Rav Shim’on Shlop writes about the difference between the first luchos and the second ones.
AS A BEGINNING OF this preparation, so that one is ready to acquire Torah, the Torah requires specific conditions. The first condition is toil and contemplation, as our sages explain “‘If in my statues you go’ (Vayiqra 26:3) … that you should be toiling in the Torah.” (Rashi ad loc, quoting Toras Kohanim 26:2)
One can use this to explain the whole notion of breaking the [first] Tablets, for which I have not found an explanation. At first glance, understanding seems closed off. Is it possible that Moses our teacher would think that because the Jews made the [Golden] Calf they should be left without the Torah? He should have just waited to teach them until they corrected their ways, not break them altogether and then have to fall before Hashem to beg for a second set of Tablets. Our sages received [a tradition that] there was a unique ability inherent in the first Tablets. As it says in Eiruvin (folio 54), “What does it mean when it is says, [of the first Tablets] ‘[The Tablets were made by God and written with God’s script] engraved on the Tablets’ (Shemos 32:16) ? Had the first Tablets not been destroyed, the Torah would never have been forgotten from Israel.” (Eiruvin 54a) Which is, they had the power that if someone learned them once, it would be guarded in his memory forever. This quality Moses felt would cause a very terrible profaning of the holy to arise. Could it happen that someone destroyed and estranged in evil deeds would be expert in all the “rooms” of the Torah? Moses reasoned a fortiori from the Passover offering about which the Torah says “no foreign child shall eat of it.” (Shemos 12:43 [To explain: If one offering can not be possessed by a non-Jew, how much more so should the entire Torah not be possessed by someone who is not merely a non-Jew, but an evil person.]) Therefore Moses found it fitting that these Tablets be shattered, and he should try to get other Tablets. The first Tablets were made by G-d, like the body of writing as explained in the Torah. The latter Tablets were made by man [Moshe Rabbeinu], as it says “Carve for yourself two stone tablets.” (Shemos 34:1) Tablets are things which cause standing and existence, that it’s not “letters fluttering in the air.” Since they were made by Hashem, they would stand eternally. But the second ones, which were man-made, only exist subject to conditions and constraints.

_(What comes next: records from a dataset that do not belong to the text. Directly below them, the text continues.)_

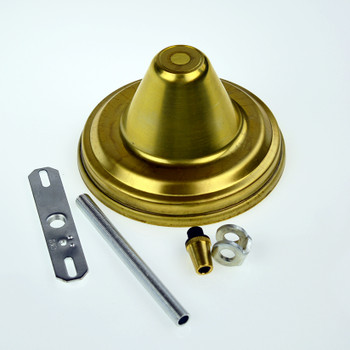 Solid Brass Ceiling Canopy Solid Brass Ceiling Canopy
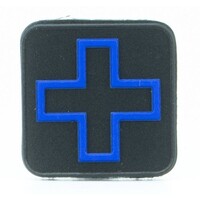 ELEVEN 10 Gear Cross Patch PVC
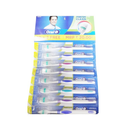 Oral-B, Toothbrush Fresh Clean, 1 ct (12 Pack)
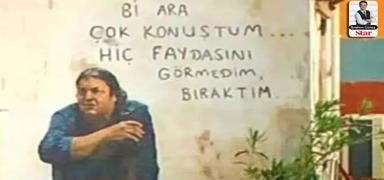 Bazen susmak da iyidir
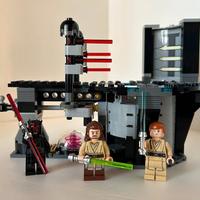 Lego Star Wars 75169 - Duel On Naboo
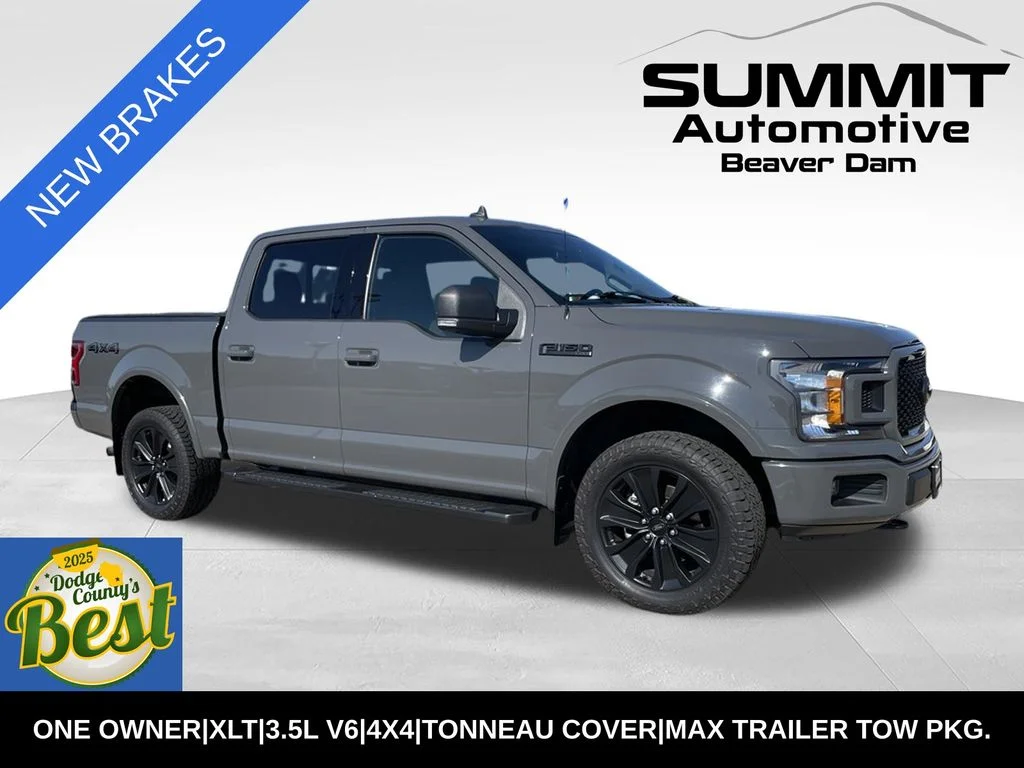 Used 2020 Lead Foot Ford XLT image 1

The beginning of the receiving of the Torah through Moses was a symbol and sign for all of the Jewish people who receive the Torah [since]. Just as Hashem told Moses, “Carve for yourself two stone Tablets”, so too it is advice for all who receive the Torah. Each must prepare Tablets for himself, to write upon them the word of Hashem. According to his readiness in preparing the Tablets, so will be his ability to receive. If in the beginning or even any time after that his Tablets are ruined, then his Torah will not remain. This removes much of Moses’ fear, because according to the value and greatness of the person in Yir’as Hashem [Awe/Fear of Hashem] and in middos, which are the Tablet of his heart, this will be the measure by which heaven will give him acquisition of Torah. And if he falls from his level, by that amount he will forget his Torah, just as our sages said of a number of things that cause Torah to be forgotten. About this great concept our sages told us to explain the text at the conclusion of the Torah, “and all the great Awe Inspiring acts which Moses wrought before the eyes of all of Israel.” (Devarim 34:12 [the Torah’s closing words])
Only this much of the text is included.